Climbing Participation, Contribution Rates a Good Sign for 403b Plans

403b contribution rates, 403b participation rates

Participation and contribution rates on the rise for 403b plans

403b plan participation and contribution rates are showing solid growth according to new data from non-profit organizations that sponsor them.

The 11thannual 403b plan survey from the Plan Sponsor Council of America (PSCA), released Oct. 2, reported increased contributions by both participants and organizations continued to have a positive impact on retirement readiness.

Plan sponsor contribution rates for 403b plans, that cousin of 401ks available only to non-profits and government employers, rose in the last year to an average of 5.5% of pay, up from 4.7% a year ago.

More workers benefited sooner from those contributions as well, as the number of organizations offering immediate eligibility also rose.

In addition, the survey found an increase in 403b plan participant contributions, now an average of 6.6% of pay, and responding employers noted a remarkably robust 81% rate of participation.

Combined, employer and employee contributions average over 12% of pay for 403b plans. Plan design features like automatic enrollment, currently in place at one-in-five (21.8%) responding organizations, encourage higher participation and contributions. More than a third of those plans (37.7%) use a default deferral rate higher than 3%.

The average 403b account balance has nearly doubled since the survey began tracking it in 2011 and is now $86,697.

“It’s encouraging to see the increased engagement evidenced by higher contribution and participation rates,” said Luke Vandermillen, vice president of retirement and income solutions at Principal Financial Group, which sponsored the survey. “Plan sponsors have taken the lead by increasing contributions and adapting plan designs to encourage more participation, which not only improves retirement readiness but also serves as a differentiator in a tight labor market.”

PSCA’s 2019 403b Plan Survey, based on responses from nearly 600 non-profit organizations across the U.S., is the only independent 403b research report that delivers actionable data on trends among plan sponsors in the non-profit sector.

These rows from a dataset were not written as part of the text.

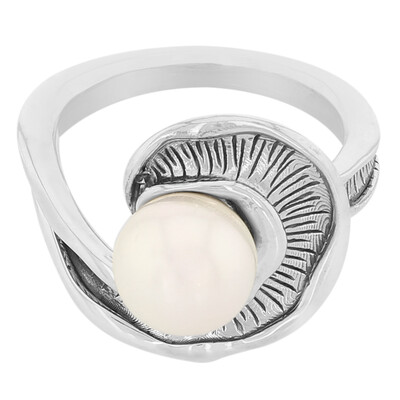 Bague en argent et Perle d'Akoya (MONOSONO COLLECTION)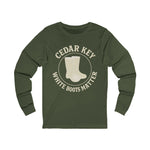 Cedar Key "White Boots Matter" Long Sleeve Tee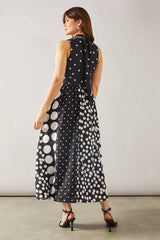 Spot Cross Front Midaxi Dress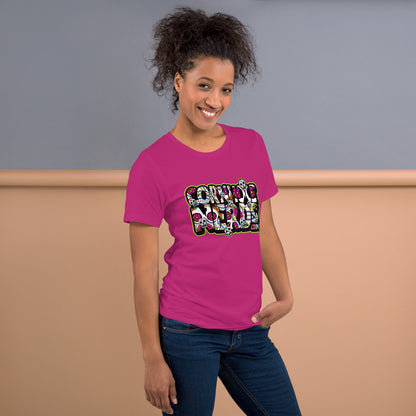 Cornhole Nerds Sugar Skulls logo Unisex t-shirt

“These 403b programs are offered by an exceptionally diverse group of employers, both in size and workforce composition, and this year’s survey reflects both the diversity in designs alongside a number of consistent encouraging trends to help workers prepare for a successful retirement,” says Hattie Greenan, director of research and communications at PSCA.

Healthy interest in financial wellness

Responding to a new question in this year’s survey, a quarter of organizations already have a financial wellness program in place and nearly half (47%) have plans or interest in implementing one in the future.

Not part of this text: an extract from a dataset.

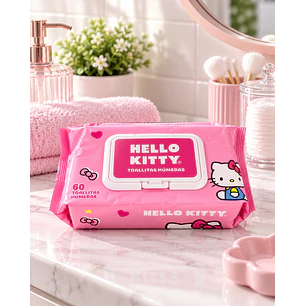 TOALLAS HÚMEDAS SANRIO 60 UNIDADES 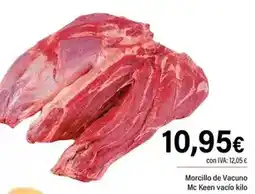 Cash Ifa Morcillo de vacuno mc keen vacío kilo oferta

“While workers in the non-profit sector have always had a strong commitment to their profession and its mission, it’s exciting to see growing interest by their employers in helping those workers take better care of their financial well-being,” notes Greenan. “It’s an emerging best practice, and one that stands to benefit both workers and their employers.”

Fiduciary focus

The survey, which has previously noted an increased emphasis on fiduciary responsibility by plan sponsors, found that a growing number rely on the use of an investment policy statement (IPS). More than 60% of plans have one in place, a 40% increase over the past decade.

“An investment policy statement is one of the best ways to demonstrate the related fiduciary responsibility which has become increasingly important in the current heightened regulatory environment,” said Vandermillen. “Working with a financial advisor or consultant who specializes in retirement plans can have a big impact on putting the right documentation in place, overcoming fiduciary concerns and helping ensure the plan and participants achieve goals.”

More than half of organizations (53.4%) say they use a retirement plan advisor separate from their service provider; illustrating that nearly half of the organizations surveyed do not currently work with a retirement plan advisor. Another 4 in 10 indicate they aren’t yet evaluating whether their plan is meeting its goals, an area where advisors and consultants can help.

The survey received responses from 580 non-profit organizations that currently sponsor a 403b plan for employees and range in size and industry from small community-based organizations to large hospital and university systems.